**Source records:**
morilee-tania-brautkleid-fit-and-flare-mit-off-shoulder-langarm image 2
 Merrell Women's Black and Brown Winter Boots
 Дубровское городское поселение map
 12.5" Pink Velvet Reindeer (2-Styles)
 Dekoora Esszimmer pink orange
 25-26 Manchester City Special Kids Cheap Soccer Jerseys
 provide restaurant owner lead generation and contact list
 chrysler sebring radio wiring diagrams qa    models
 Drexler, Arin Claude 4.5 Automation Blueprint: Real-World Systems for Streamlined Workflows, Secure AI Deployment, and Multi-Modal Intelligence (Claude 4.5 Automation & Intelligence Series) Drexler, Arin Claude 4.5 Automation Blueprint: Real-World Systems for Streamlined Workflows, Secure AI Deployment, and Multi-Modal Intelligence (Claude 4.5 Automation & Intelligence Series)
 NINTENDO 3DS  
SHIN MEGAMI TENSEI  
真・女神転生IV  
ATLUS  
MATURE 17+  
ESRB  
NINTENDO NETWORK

**Work task:**
Print nothing but the lines from the one containing "25-26 Manchester City" through the end of the listing above, exactly as written.

**Output for this exercise:**
 25-26 Manchester City Special Kids Cheap Soccer Jerseys
 provide restaurant owner lead generation and contact list
 chrysler sebring radio wiring diagrams qa    models
 Drexler, Arin Claude 4.5 Automation Blueprint: Real-World Systems for Streamlined Workflows, Secure AI Deployment, and Multi-Modal Intelligence (Claude 4.5 Automation & Intelligence Series) Drexler, Arin Claude 4.5 Automation Blueprint: Real-World Systems for Streamlined Workflows, Secure AI Deployment, and Multi-Modal Intelligence (Claude 4.5 Automation & Intelligence Series)
 NINTENDO 3DS  
SHIN MEGAMI TENSEI  
真・女神転生IV  
ATLUS  
MATURE 17+  
ESRB  
NINTENDO NETWORK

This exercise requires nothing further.